While in Guatemala the 19-member group of students and adults will take part in the Living Waters International Feed-a-Child program, staying at the Quiche Ministry Center and working as volunteers in Antigua and an as-yet-unnamed city in the mountains of Guatemala.
Their efforts will be welcomed. According to www.ruralpoverty.org, 71 percent of Guatemala’s rural population – mostly indigenous people – live in poverty. There are pockets of poverty in other areas, as well as a “poverty belt” that runs across the northern and northwestern regions.
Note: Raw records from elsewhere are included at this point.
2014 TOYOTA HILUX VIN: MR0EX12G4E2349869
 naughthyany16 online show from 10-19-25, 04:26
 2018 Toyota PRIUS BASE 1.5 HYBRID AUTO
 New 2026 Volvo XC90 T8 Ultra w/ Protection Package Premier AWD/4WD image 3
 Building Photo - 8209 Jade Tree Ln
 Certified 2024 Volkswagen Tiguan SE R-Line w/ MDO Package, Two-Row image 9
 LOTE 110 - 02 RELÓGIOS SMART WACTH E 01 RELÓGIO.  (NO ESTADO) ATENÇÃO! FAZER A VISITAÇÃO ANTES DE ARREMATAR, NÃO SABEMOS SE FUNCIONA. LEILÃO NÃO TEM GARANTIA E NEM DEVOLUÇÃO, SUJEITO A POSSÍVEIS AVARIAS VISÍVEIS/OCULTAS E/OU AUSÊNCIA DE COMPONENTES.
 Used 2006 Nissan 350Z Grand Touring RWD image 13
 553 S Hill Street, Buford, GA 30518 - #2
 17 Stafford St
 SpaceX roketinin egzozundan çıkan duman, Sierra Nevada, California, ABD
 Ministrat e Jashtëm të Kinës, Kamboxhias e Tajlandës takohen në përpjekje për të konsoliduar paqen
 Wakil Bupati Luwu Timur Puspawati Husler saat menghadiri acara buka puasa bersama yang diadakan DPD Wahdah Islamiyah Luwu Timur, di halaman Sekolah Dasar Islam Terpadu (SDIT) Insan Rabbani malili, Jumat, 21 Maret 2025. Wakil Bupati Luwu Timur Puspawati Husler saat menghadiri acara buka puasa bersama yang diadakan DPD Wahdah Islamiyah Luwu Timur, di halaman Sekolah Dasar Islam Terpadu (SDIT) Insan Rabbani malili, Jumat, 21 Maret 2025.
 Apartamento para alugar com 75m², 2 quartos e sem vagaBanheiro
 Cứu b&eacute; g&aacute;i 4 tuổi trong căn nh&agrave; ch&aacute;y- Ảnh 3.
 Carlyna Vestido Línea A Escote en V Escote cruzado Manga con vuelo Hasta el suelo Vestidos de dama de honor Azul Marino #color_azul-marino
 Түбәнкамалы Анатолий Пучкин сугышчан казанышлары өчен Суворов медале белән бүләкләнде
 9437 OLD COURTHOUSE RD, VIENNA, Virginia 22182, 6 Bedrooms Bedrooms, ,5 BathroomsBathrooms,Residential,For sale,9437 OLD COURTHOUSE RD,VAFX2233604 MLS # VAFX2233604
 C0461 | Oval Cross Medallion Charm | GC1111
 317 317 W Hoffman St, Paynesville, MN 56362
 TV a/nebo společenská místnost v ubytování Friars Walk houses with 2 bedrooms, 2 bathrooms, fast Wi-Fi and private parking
Those areas were severely affected by more than 30 years of civil war which ended only in the mid-1990s.
“I’ve been preparing myself by working with the 17 teenagers I will be taking on this trip by fundraising and being a liaison between the church and the ministry we’ll be staying with,” Northridge Pastor Randy Hamil said. “We’ve had quite a success with the fundraisers just being done at our church and have already raised over $5,000.”
“I’m totally excited for this trip because I’ve never been out of the country or pretty much anywhere outside the southern United States,” said Bethany Kolb, a freshman at Pace High School and a member of the Fusion 8 team.
Bethany knows the culture will be quite different.
“The girls have to wear long skirts because if you go into the city with shorts on you’re considered a hooker,” she said.
Alex Hillburn, a freshman at Central School has been preparing for the trip by doing yard work for friends and relatives and has also been helping his mother around the house to earn some extra cash.
“We’re going to be serving food and helping people get tree limbs out of their yards and other activities like that,” he said.
Bethany Steelman, a homeschooled sophomore, has taken a slightly different approach in preparing for the trip.
“I’ve started walking everyday and different exercises to prepare for this trip,” she said. “The air is really thin in the mountains, so you have to be fit. I can’t wait to get there and start doing things to help people less fortunate than I am.”